Ian Hough, a 41-year-old Massachusetts resident by way of Manchester, England, was one of them.

Hough, a content and link developer for TicketLiquidator.com, recently published a book under the Milo Books imprint about his experiences called Perry Boys, where he writes about growing up a Manchester United football fan. The book is not yet available in the U.S., but can be purchased on Amazon’s U.K. site.

In addition to recounting the exploits of the some of the hooligans and ticket “touts,” aka scalpers, of time, the book also details the emergence of the Perry Boys movement, named after the Fred Perry tennis shirts its members obsessed over wearing. Fashion, it turns out, can be a funny thing, especially among fans pledging allegiance to their favorite teams.

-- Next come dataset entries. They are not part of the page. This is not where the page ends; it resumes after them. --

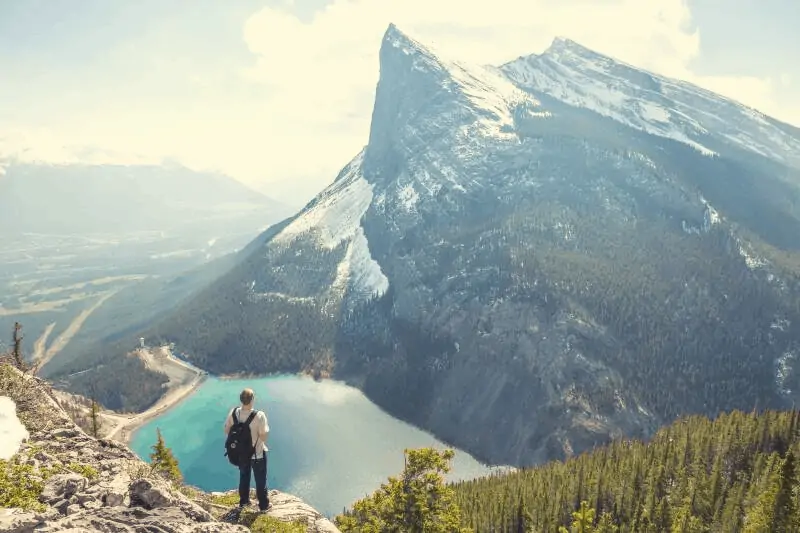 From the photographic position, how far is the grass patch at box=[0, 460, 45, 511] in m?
19.6

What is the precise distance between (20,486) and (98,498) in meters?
2.86

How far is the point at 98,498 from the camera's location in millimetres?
21391

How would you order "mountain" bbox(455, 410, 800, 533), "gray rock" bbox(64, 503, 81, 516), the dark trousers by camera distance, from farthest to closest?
1. "mountain" bbox(455, 410, 800, 533)
2. the dark trousers
3. "gray rock" bbox(64, 503, 81, 516)

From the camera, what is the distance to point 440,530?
3156 centimetres

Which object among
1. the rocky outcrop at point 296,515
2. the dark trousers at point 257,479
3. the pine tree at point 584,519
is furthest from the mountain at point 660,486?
the dark trousers at point 257,479

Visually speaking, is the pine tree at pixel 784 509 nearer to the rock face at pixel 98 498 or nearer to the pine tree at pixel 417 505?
the pine tree at pixel 417 505

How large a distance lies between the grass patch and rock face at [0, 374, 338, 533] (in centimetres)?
21

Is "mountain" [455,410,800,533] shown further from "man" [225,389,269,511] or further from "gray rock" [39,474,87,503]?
"gray rock" [39,474,87,503]

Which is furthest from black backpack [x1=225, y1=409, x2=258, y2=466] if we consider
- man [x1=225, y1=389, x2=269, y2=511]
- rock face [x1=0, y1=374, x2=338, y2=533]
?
rock face [x1=0, y1=374, x2=338, y2=533]

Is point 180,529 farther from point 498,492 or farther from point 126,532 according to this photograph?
point 498,492

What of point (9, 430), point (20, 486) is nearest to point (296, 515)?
point (20, 486)

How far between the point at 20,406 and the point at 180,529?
15916 mm

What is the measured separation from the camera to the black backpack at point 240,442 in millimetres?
24719

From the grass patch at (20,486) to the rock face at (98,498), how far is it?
0.21 meters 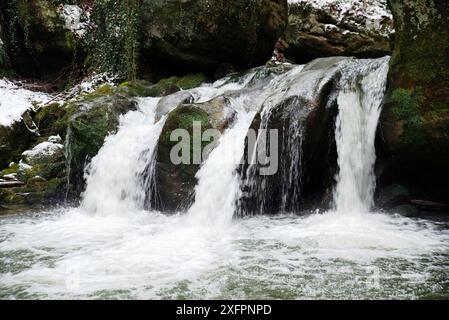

In U.S., such fandom usually means wearing the jersey or t-shirt, the hat and maybe a pair of boxer shorts of your favorite team. It’s occasionally accompanied by garish face paint or other wild accessories to show your devotion. Think of the “Hogs,” those overweight, dress-wearing, pig-snout sporting fans of the Washington Redskins, or the menacing members of the “Black Hole,” sporting the castoff costumes of the latest Mad Max movie, who pledge their dedication to the Oakland Raiders.

Leave it to the English to offer something a bit more sublime.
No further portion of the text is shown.